=== Begin Enclosure ===

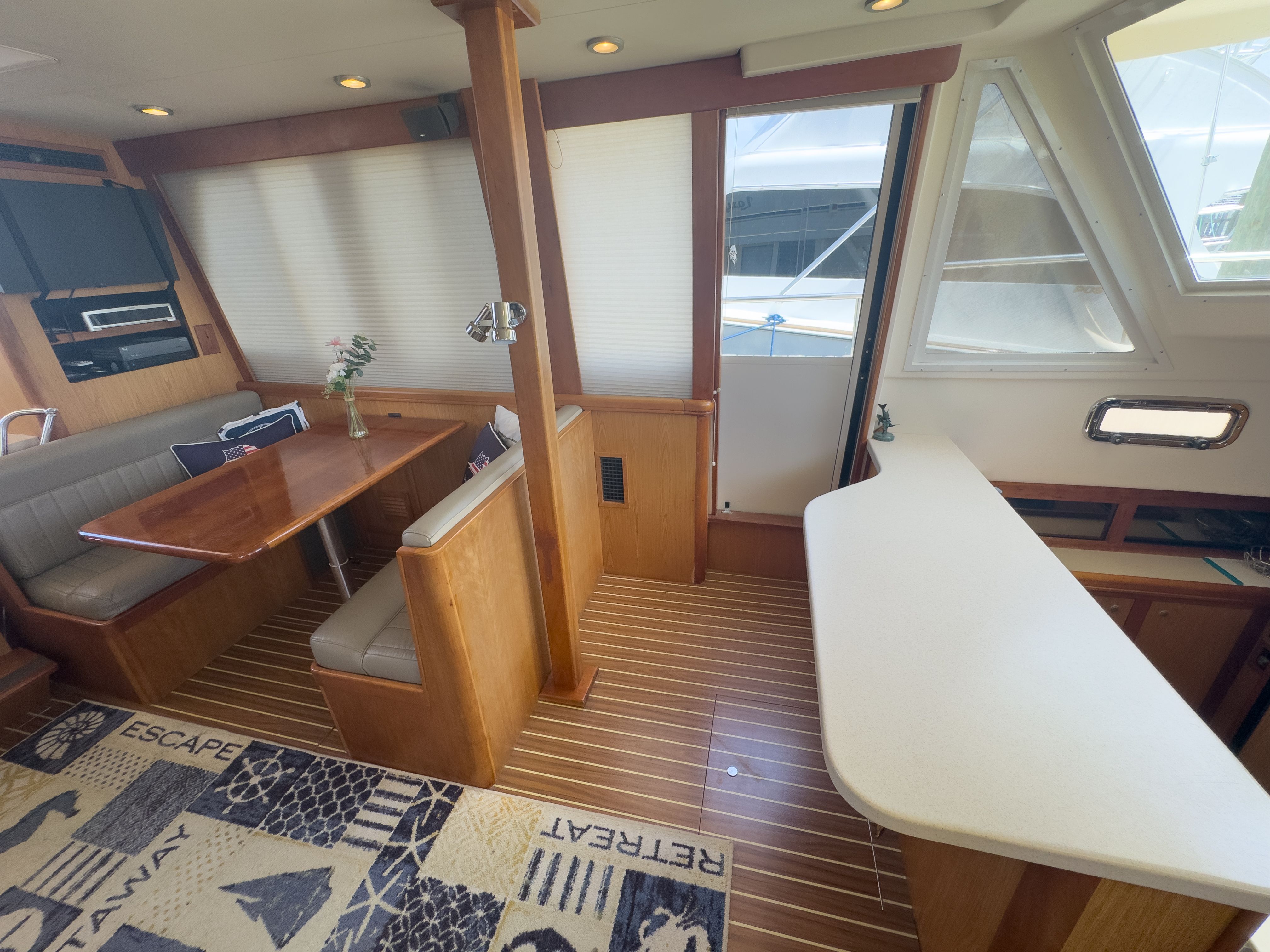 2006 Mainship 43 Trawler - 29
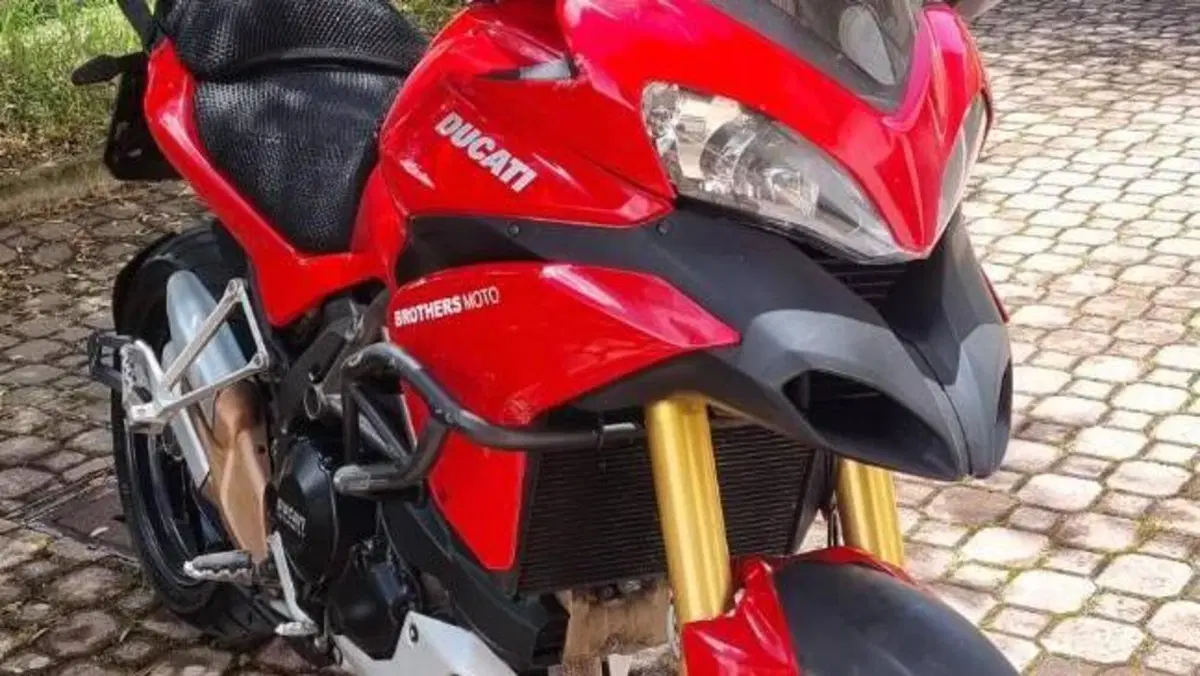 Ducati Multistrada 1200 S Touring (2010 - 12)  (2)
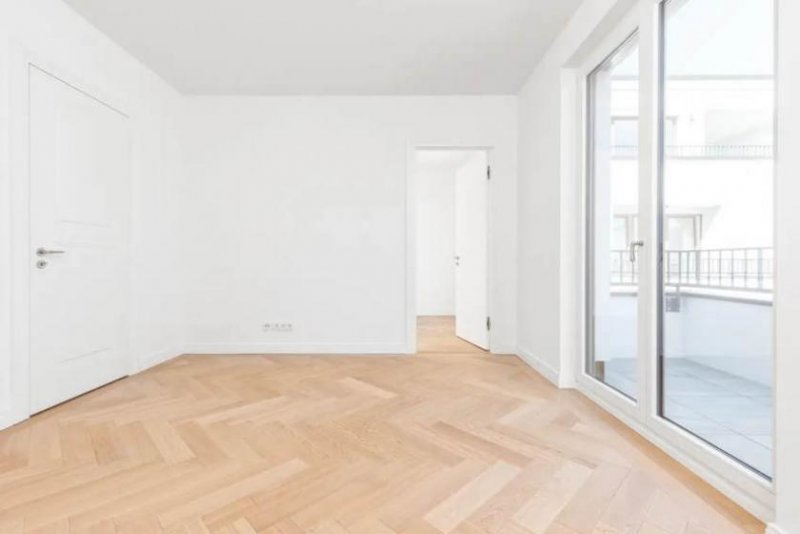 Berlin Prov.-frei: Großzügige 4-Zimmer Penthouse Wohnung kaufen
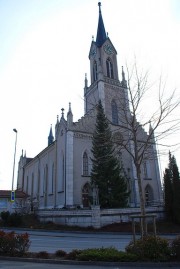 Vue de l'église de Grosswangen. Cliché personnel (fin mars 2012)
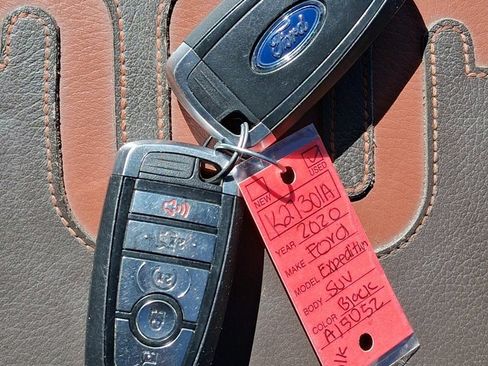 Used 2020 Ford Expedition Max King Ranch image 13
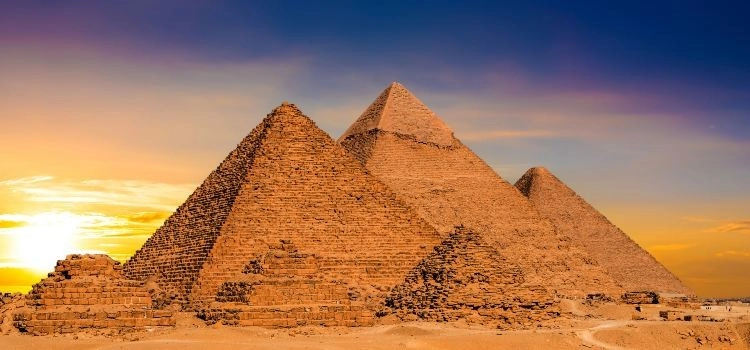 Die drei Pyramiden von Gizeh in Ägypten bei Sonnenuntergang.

=== End Enclosure ===
=== Begin Enclosure ===

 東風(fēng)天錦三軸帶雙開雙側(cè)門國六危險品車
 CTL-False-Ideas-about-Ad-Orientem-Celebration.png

=== End Enclosure ===

PROMPT: Using the material above, reproduce only the lines that run from the line with "2006 Mainship 43 Trawler - 29" up to and including the line with "Used 2020 Ford", exactly, with the pictures dropped.

WRITTEN RESPONSE:
 2006 Mainship 43 Trawler - 29
 Ducati Multistrada 1200 S Touring (2010 - 12)  (2)
 Berlin Prov.-frei: Großzügige 4-Zimmer Penthouse Wohnung kaufen
 Vue de l'église de Grosswangen. Cliché personnel (fin mars 2012)
 Used 2020 Ford Expedition Max King Ranch image 13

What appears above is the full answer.